An anonymous reader writes "Microsoft has just released a new build for Windows Vista and it looks like Microsoft has made quite a few graphical changes. "This is possibly the only application with more anticipation surrounding it than Internet Explorer 7, if not Vista itself. We wonder if Microsoft would bundle Windows Media Player 11 with Vista exclusively or would it be available for download separately for Windows XP as well. It most certainly will end up looking a lot better (graphically) than most music players out there, iTunes included. Although it appears to look pretty straightforward, the interface has changed drastically, which makes it far more attractive than Windows Media Player 10 as well as competing applications."

12 of 390 comments (clear)

  1. But.... by silverkniveshotmail. · · Score: 5, Insightful

    How much do you need your media player to do beyond playing media?
    If i wouldn't have gotten a mac I don't know if I would have ever gone past winamp 2.x

    1. Re:But.... by bigman2003 · · Score: 4, Insightful

      I need it to burn CD's.

      I need it to sync with my portable player.

      I need it to do a good job of scanning my computer for media.

      Despite everyone's best guess...I do not need it to be a portal for purchasing anything...

      --
      No reason to lie.
    2. Re:But.... by LiquidCoooled · · Score: 5, Insightful

      Why not use a CD writing application for this?

      People like to connect the dots. "i go *here* to play my media, why can't i burn my playlists from here as well?"

      I'd rather just be able to drag & drop files I wanted to use on the player onto the player's icon under My Computer, rather than having to use a media player to manage it.

      two words: Custom playlists. Instead of having to reselect an entire range of files stored in seperate subfolders (from the original albums) I can simply transfer the playlist in one go (see above burning as well).

      Why not store all your media in a single location? That's a much simpler solution.

      Because "My Music" is not your music, and shared music is not everything on my machine, and I don't always want everything together, and because whichever p2p software by default stores it in one place, and something else stores it in another, and my mp3 player comes up in a different drive, and instead of being a jack of all trades and needing to tell people how to configure every single piece of media software on the planet (to look for media in one place) I would just like to scan my machine and find it all for me.

      I understand you like operating using single individual steps, but not everyone is as savvy as yourself and just wants a simple life, your steps may be simple, and once configured it might be easy to manage, but its getting started thats the problem.

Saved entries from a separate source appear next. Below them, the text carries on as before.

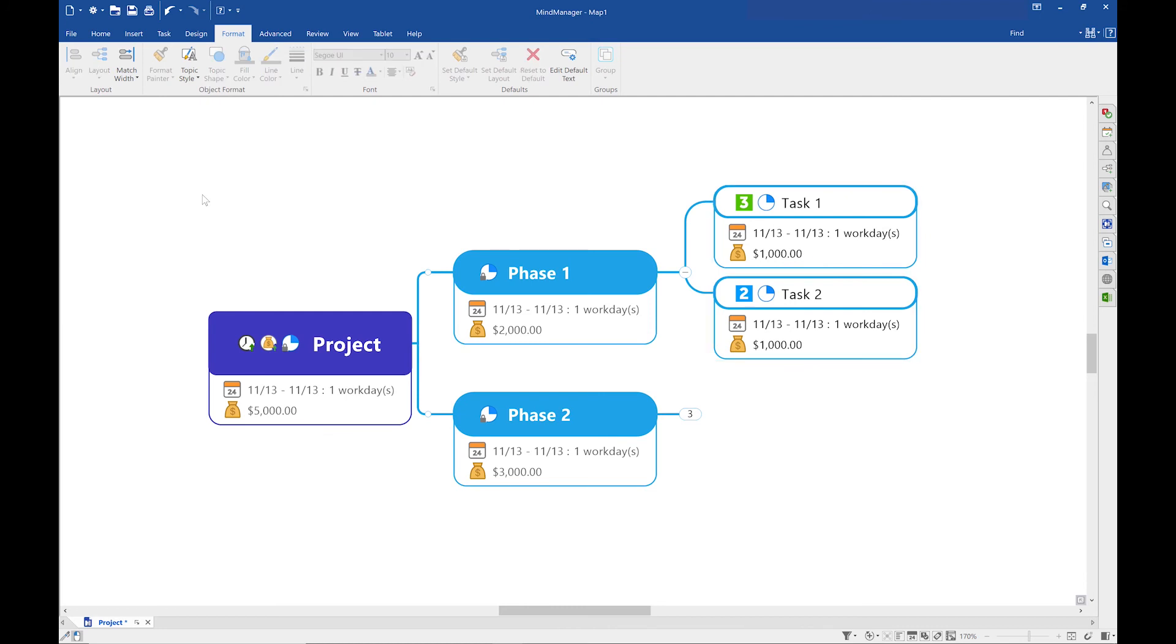And here it is, a custom style project map in MindManager. Have a great day. Thanks for watching.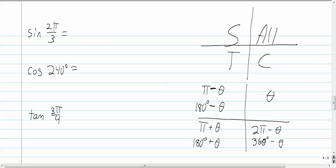The first problem is the sine of 2π/3. Where is 2π/3? Sometimes students have problems figuring that out. Remember, we have π/2 up here, π right here, 3π/2 here, and 0 or 2π here — all in radians. What you can do is just look at the fraction part. This is like 1·π right here.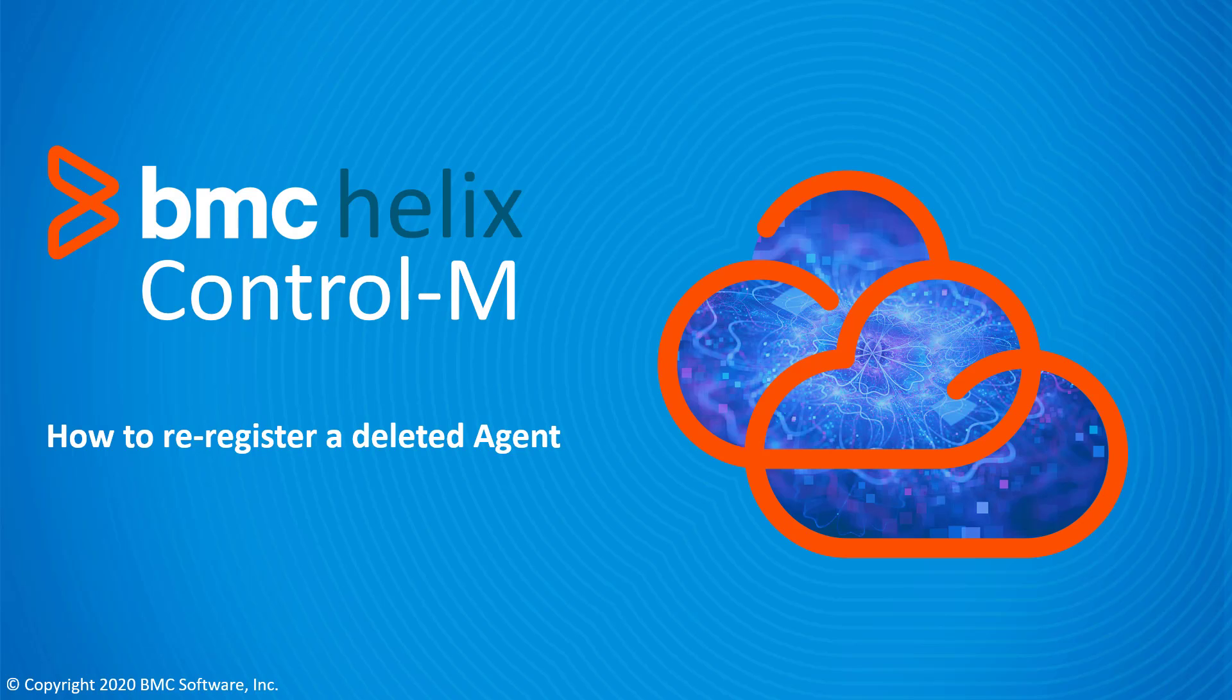This BMC Helix Control-M video will demonstrate how to re-register an agent that was mistakenly deleted from the web client configuration.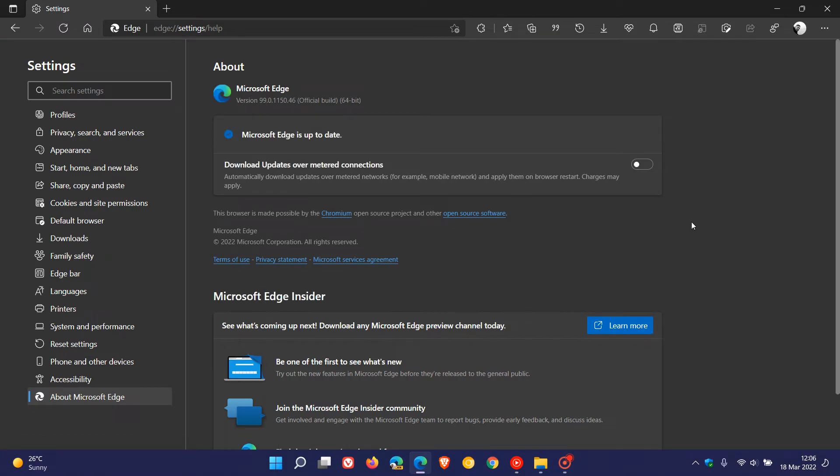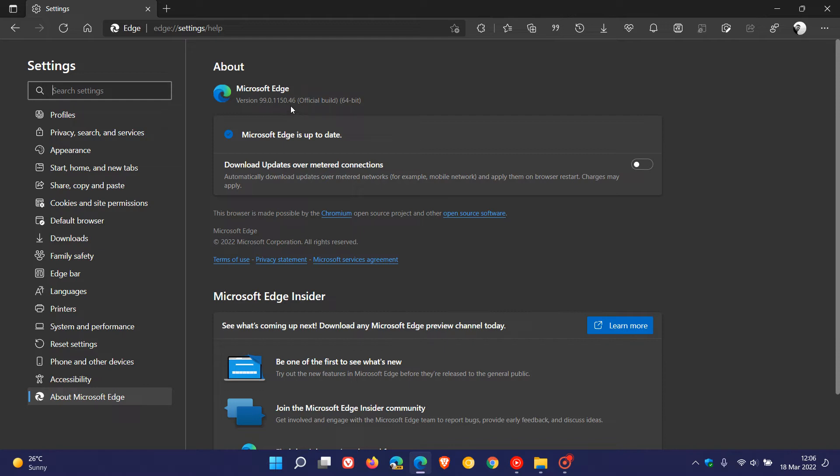If the browser hasn't updated automatically in the background, this process will update you to the latest version, which is 99.0.1150.46. The .46 update contains those 11 security fixes from the Chromium platform. There are no new features in this latest update to the Edge browser.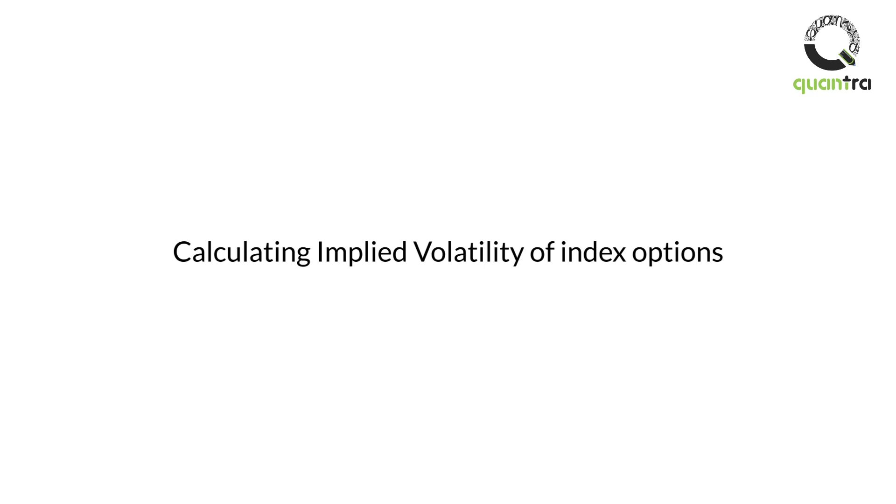You can calculate the implied volatility. To elaborate further, this implied volatility might not be the same for you and any other IV calculator you find on the internet.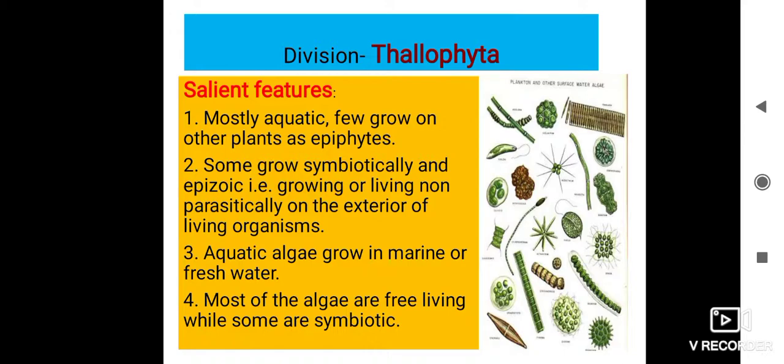Now the salient features — meaning the overall general characters of this division. Mostly aquatic: most of the algae are aquatic. A few grow on other plants as epiphytes — some algae grow on other plants for support; such algae are called epiphytes. The second salient feature is some grow symbiotically, meaning they grow in association with other organisms. And epizoic means growing or living non-parasitically on the exterior of a living organism.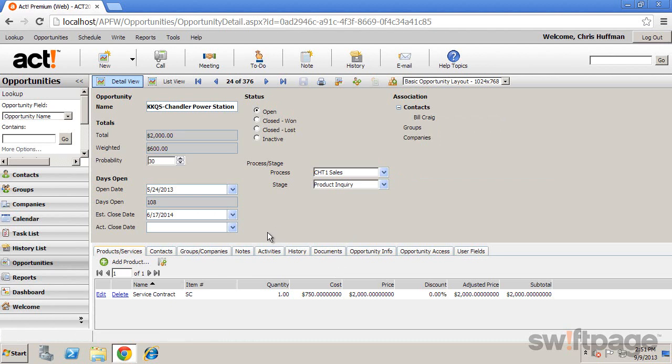The tabs along the bottom allow you to view or add such things as products and services, contacts, notes, activities, history, and more.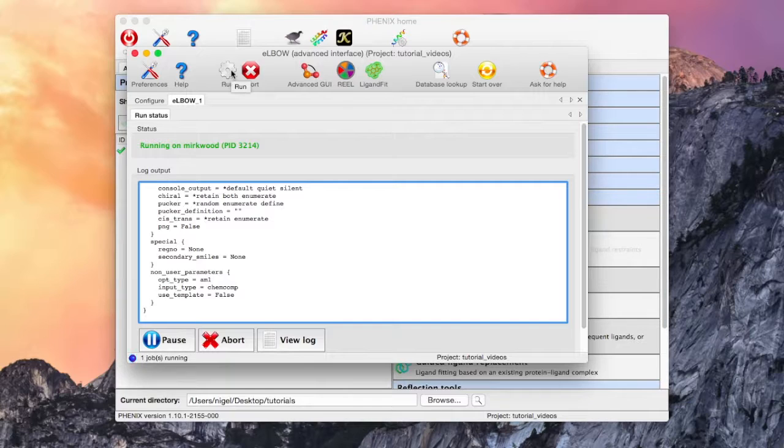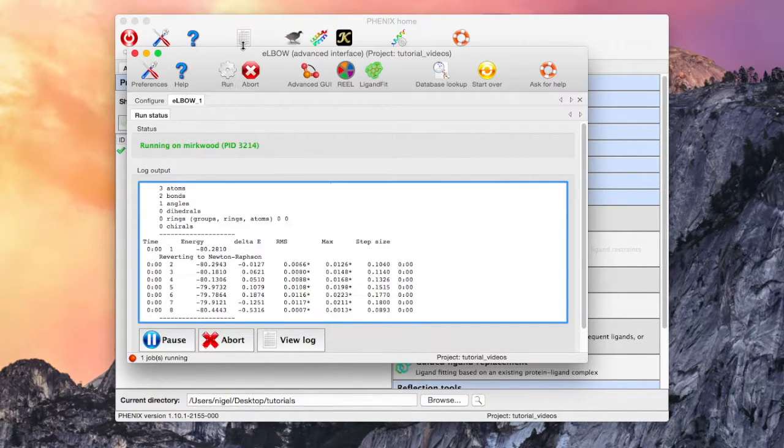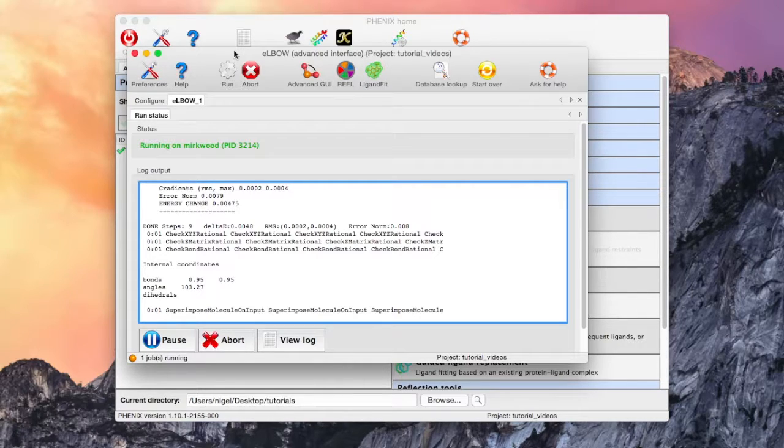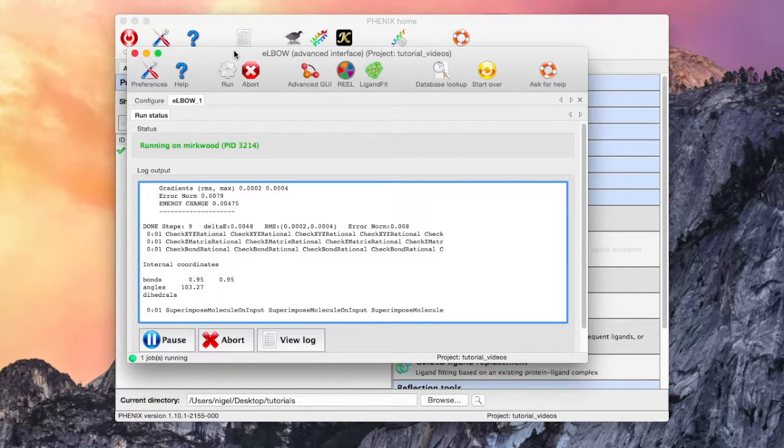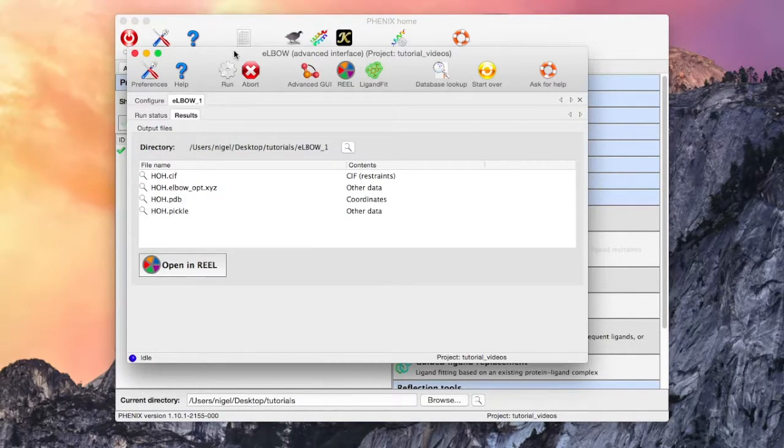Clicking on run will run Elbow, which is very quick for water. The log file is displayed in this field and the output files in the results tab. A successful job will result in a PDB file and a restraints file in CIF format.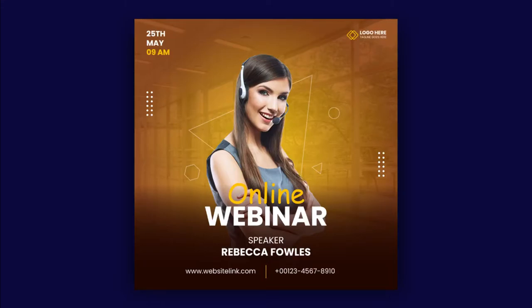Hey guys, welcome back. Today we are going to create this nice online webinar post design for social media in Adobe Illustrator. If you want to follow along, download the project files from the video description. So let's jump right into it.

      People already have the option to do all the things you suggest, and most who do similar to yourself won't like this new media player, but for the rest of the population, the suggested features don't seem out of step at all.

      --
      liqbase :: faster than paper
    3. Re:But.... by MobyDisk · · Score: 4, Insightful
      People like to connect the dots. "i go *here* to play my media, why can't i burn my playlists from here as well?"


      That is an excellent point. It is also a perfect example of how people still don't understand the desktop. You don't go to Windows Media Player to play your media. You go to "My Music" or wherever. People still use the old DOS way of doing stuff: Run the application, then click open, then browse to the location. That's backwards. If they went to the location first, then they could do all of the things the GP post is talking about right from there (copy, rename, delete, organize, burn, play, ...) and you won't need the application to then have al lthe same features as Explorer.

      You point out the issues with sharing, and applications creating multiple folders, etc. So you do make a good point: Users won't ever "get" the desktop analogy until the software uses it properly. Until 95% of apps start using these folders properly, it won't be useful.
    4. Re:But.... by ultranova · · Score: 5, Insightful

      That is an excellent point. It is also a perfect example of how people still don't understand the desktop. You don't go to Windows Media Player to play your media. You go to "My Music" or wherever. People still use the old DOS way of doing stuff: Run the application, then click open, then browse to the location.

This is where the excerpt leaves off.